Nun kommt noch ein dritter Punkt. Ich gehe davon aus, Herr Dressel, dass Sie sich noch nie mit der Frage beschäftigt haben, was eigentlich "zubereitete Speisen" bedeuten.

(Dr. Andreas Dressel SPD: Doch, habe ich!)

Wenn Sie es getan hätten, dann wären Sie auf das gestoßen, was ich Ihnen jetzt leider vorzutragen habe. Zunächst einmal Metzner, Kommentar zum Gaststättengesetz – Zitat –:

"Zubereitung bedeutet, durch eine besondere Behandlung verzehrfertig machen."

Was bedeutet das in einigen konkreten Beispielen? Stellen Sie sich einmal vor, ein Eckkneipen

wirt möchte seinen Gästen Brötchen anbieten. Dazu geht er in die nahe gelegene Bäckerei, kauft Brötchen und legt die auf den Tresen. In dieser Eckkneipe dürfte nach Ihrem Gesetz der Gast neben seinem Bier nicht auch noch ein Brötchen essen, mittags um zwölf Uhr. Der Tag geht voran. Soweit ich weiß, ist in diesen Eckkneipen auch später noch mit Gästeverkehr zu rechnen. Das Brötchen wird zunehmend weicher. Was macht ein treusorgender Betreiber einer Eckkneipe? Er toastet dieses Brötchen auf und siehe da, auf einmal ist dasselbe Brötchen nun zu einer zubereiteten Speise geworden. Das darf er nicht mehr, die Gäste in Eckkneipen müssen die ganze Nacht über mit weichen Brötchen leben. Das kann doch nicht ernsthaft sinnvoll sein.

(Beifall bei der FDP – Jens Kerstan GAL: Brötchen werden hart, nicht weich!)

Ein zweites Beispiel. Wenn Sie einem Getränk ein Pulver zugeben wollen, haben Sie wieder ein Problem.

(Dora Heyenn DIE LINKE: Was denn für ein Pulver?)

Warten Sie mal ab.

Wenn es um eine Instantsuppe geht und Sie das Pulver für die Instantsuppe hineingeben wollen, dann dürfen Sie das nicht, denn dann bereiten Sie eine Speise zu. Wenn Sie demselben Gast aber Ahoi-Brause für seinen Wodka geben, wäre das keine Zubereitung, also ist das erlaubt. Sie meinen doch nicht im Ernst, dass so etwas sinnvoll ist.
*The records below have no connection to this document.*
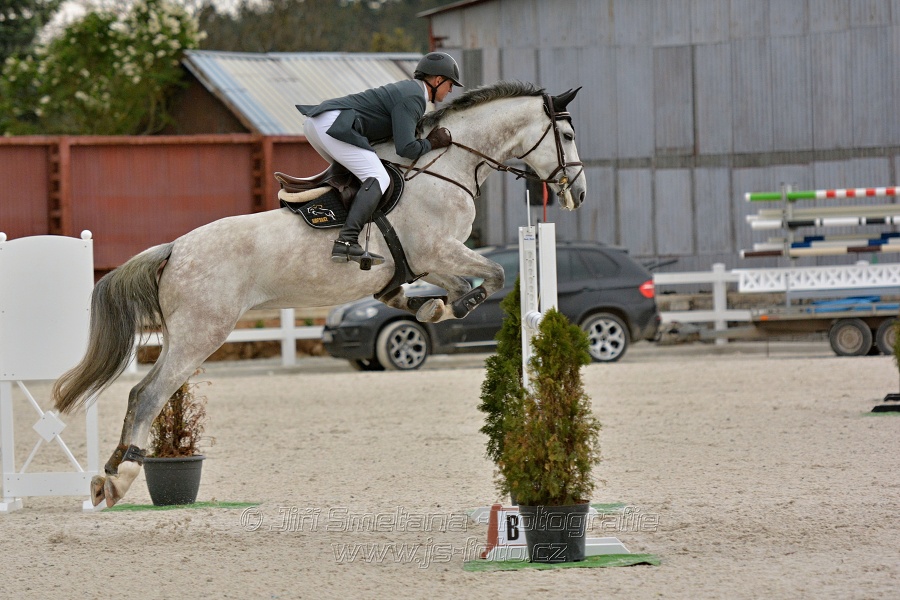 Skoková soutěž S*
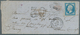 China - Besonderheiten: 1860 (FRENCH EXPEDITIONARY FORCES). Folded Letter With Content Written From - Other & Unclassified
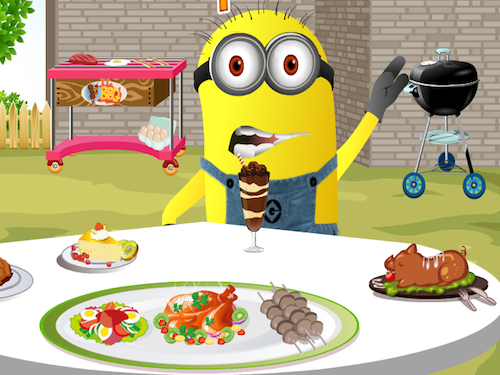 Minion BBQ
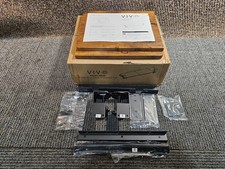 VIVO 27 x 11in Large Clamp-on Computer Keyboard and Mouse Under Desk Slider Tray picture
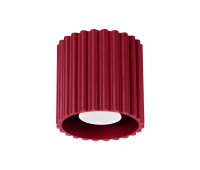 Луна за външен монтаж SOLLUX SL.1819 AURA BURGUNDY 1 x GU10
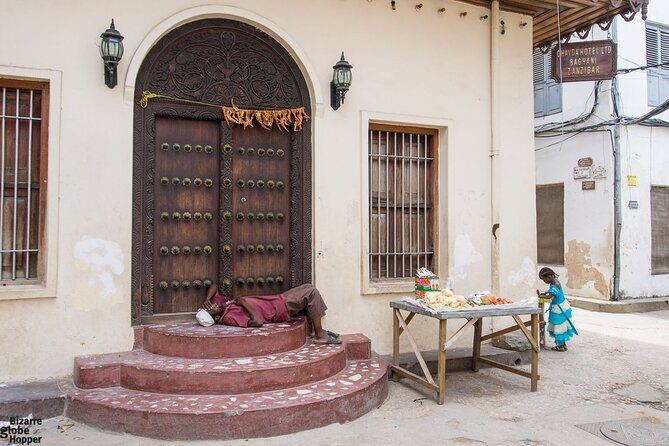 Stone Town Exciting Walking Tour & Convenient Transfer - Zanzibar - Former Slave Market and Anglican Cathedral: important, heavy, and not for everyone
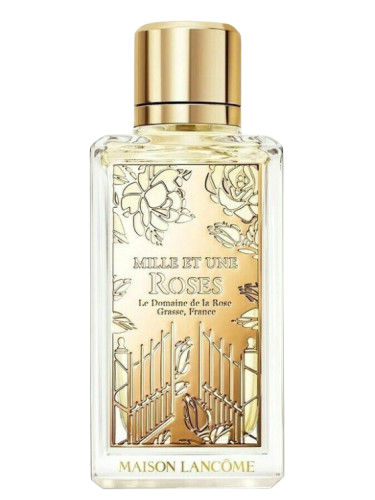 Maison Lancome Mille Et Une Roses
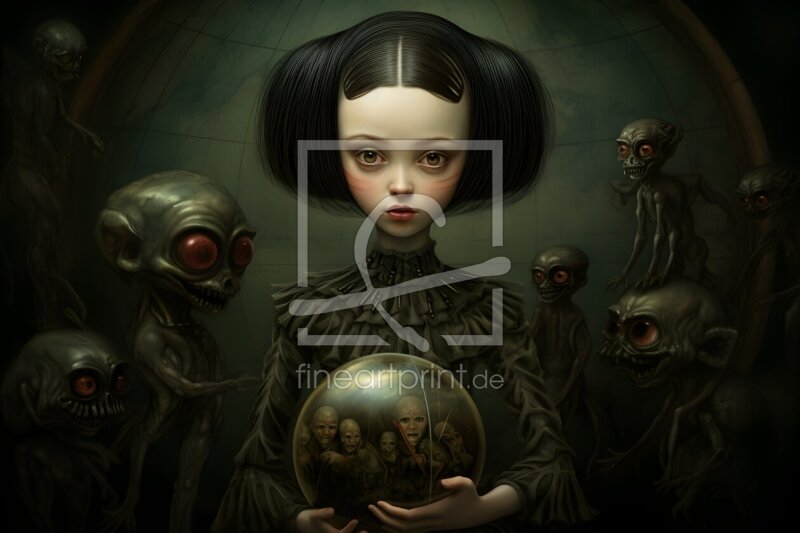 frei wählbarer Bildausschnitt für Ihr Bild auf Mousepad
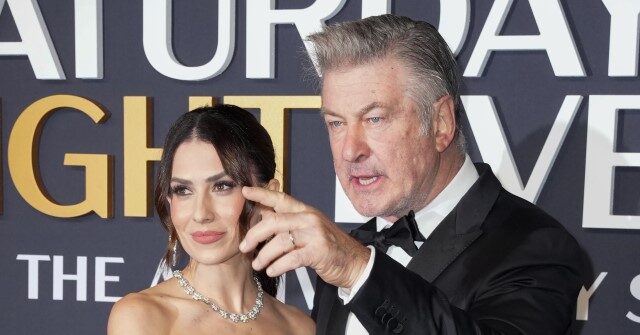 Trump Impersonator: Hilaria Baldwin Was 'Chasing Me Down the Street in High Heels' After Alec Threatened Me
Ein drittes Beispiel. Sie besorgen einen Apfel und legen ihn ungewaschen auf den Tresen Ihrer Eckkneipe.

(Karin Timmermann SPD: Das tut man nicht!)

Sie ahnen es, das ist keine zubereitete Speise, also erlaubt. Aber als treusorgender Gastwirt waschen Sie diesen Apfel natürlich ab. Was tun Sie? Zubereiten und das ist unzulässig. In Eckkneipen müssen künftig ungewaschene Äpfel präsentiert werden, keine gewaschenen, das wäre unzulässig. Sie meinen doch nicht im Ernst, dass das sinnvoll ist.

Ein viertes Beispiel. Der Wirt sagt, er wolle ein bisschen für fleischliche Ernährung sorgen und stellt Frikadellen zur Verfügung. Sie kaufen als Wirt kalte Frikadellen im Supermarkt oder wo auch immer und legen sie hin. Wahrscheinlich – es ist übrigens umstritten – ist es zulässig. Es kommt vielleicht manchmal vor, dass ein Gourmet in die Eckkneipe kommt und sagt, er möchte keine kalte Frikadelle haben, sondern eine warme. Sie ahnen, was passiert: Dieselbe Frikadelle, die eben noch unproblematisch war, wird nun problematisch, weil es jetzt eine zubereitete Speise ist. Sie meinen doch nicht im Ernst, dass das sinnvoll ist.

Sie provozieren mit Ihrem Gesetz Rechtsstreite um warme Frikadellen. Das wollen wir nicht.